== DATA SECTION ==

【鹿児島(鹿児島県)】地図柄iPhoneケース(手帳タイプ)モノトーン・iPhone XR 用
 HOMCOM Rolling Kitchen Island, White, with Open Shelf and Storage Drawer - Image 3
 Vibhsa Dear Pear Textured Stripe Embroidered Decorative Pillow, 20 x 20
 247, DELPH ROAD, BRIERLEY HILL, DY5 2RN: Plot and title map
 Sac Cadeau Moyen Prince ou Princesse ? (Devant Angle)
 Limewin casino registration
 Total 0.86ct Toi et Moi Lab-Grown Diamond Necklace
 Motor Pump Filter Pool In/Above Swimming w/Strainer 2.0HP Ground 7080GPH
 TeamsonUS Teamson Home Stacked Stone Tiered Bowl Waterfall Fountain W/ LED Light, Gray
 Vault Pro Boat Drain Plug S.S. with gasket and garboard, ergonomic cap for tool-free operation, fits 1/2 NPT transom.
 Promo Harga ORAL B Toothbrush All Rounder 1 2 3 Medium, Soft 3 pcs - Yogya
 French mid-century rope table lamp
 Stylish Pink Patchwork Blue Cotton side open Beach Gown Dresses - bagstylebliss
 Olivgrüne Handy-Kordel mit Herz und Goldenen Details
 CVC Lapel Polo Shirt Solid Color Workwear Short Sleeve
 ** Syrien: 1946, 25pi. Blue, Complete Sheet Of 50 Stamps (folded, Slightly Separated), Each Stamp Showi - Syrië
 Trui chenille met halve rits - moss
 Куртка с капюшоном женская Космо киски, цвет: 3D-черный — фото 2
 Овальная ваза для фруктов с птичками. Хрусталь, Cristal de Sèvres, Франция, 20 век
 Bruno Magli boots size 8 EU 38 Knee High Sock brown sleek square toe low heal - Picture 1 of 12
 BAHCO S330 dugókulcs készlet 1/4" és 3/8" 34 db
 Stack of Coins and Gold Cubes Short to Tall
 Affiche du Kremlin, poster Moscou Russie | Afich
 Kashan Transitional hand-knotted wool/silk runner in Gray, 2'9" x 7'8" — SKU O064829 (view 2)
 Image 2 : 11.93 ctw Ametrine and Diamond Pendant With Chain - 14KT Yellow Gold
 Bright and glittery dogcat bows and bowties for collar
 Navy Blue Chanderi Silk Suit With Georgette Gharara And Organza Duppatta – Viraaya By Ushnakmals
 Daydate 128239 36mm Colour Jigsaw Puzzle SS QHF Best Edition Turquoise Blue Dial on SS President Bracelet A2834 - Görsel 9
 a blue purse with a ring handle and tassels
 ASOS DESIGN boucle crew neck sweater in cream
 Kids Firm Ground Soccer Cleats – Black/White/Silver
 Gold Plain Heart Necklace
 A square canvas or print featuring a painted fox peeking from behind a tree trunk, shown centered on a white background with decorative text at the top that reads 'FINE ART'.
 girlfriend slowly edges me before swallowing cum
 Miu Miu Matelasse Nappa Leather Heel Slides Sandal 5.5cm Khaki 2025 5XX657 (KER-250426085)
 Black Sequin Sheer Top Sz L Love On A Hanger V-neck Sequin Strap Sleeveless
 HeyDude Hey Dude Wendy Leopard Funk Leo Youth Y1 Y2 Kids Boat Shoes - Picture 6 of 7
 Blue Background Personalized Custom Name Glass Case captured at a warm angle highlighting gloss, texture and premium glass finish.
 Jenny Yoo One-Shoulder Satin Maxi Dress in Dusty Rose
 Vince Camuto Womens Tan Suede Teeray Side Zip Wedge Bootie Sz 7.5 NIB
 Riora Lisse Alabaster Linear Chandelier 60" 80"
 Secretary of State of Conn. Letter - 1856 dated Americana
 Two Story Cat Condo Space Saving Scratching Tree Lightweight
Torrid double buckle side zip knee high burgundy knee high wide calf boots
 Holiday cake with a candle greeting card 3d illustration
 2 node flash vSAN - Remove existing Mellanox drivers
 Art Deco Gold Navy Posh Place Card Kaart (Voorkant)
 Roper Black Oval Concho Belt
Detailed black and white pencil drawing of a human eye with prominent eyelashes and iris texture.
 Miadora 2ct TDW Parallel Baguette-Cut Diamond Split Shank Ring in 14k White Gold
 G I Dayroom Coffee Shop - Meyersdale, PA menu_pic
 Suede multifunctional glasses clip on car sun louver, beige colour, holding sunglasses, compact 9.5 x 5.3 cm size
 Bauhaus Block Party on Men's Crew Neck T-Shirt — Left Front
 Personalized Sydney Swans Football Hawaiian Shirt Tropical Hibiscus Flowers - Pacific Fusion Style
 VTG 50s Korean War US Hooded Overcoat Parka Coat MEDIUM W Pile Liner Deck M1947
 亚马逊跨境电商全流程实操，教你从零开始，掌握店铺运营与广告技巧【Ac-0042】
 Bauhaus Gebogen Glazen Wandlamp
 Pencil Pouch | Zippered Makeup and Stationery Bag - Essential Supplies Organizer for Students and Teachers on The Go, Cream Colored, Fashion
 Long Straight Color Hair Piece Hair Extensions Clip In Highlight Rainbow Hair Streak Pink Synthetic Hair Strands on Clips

===

**ABOUT THIS TASK**
Look above for the line with "Holiday cake with" and the line with "Bauhaus Block Party"; transcribe both and all lines in between, exactly, and nothing else.

**OUTPUT BELOW**
 Holiday cake with a candle greeting card 3d illustration
 2 node flash vSAN - Remove existing Mellanox drivers
 Art Deco Gold Navy Posh Place Card Kaart (Voorkant)
 Roper Black Oval Concho Belt
Detailed black and white pencil drawing of a human eye with prominent eyelashes and iris texture.
 Miadora 2ct TDW Parallel Baguette-Cut Diamond Split Shank Ring in 14k White Gold
 G I Dayroom Coffee Shop - Meyersdale, PA menu_pic
 Suede multifunctional glasses clip on car sun louver, beige colour, holding sunglasses, compact 9.5 x 5.3 cm size
 Bauhaus Block Party on Men's Crew Neck T-Shirt — Left Front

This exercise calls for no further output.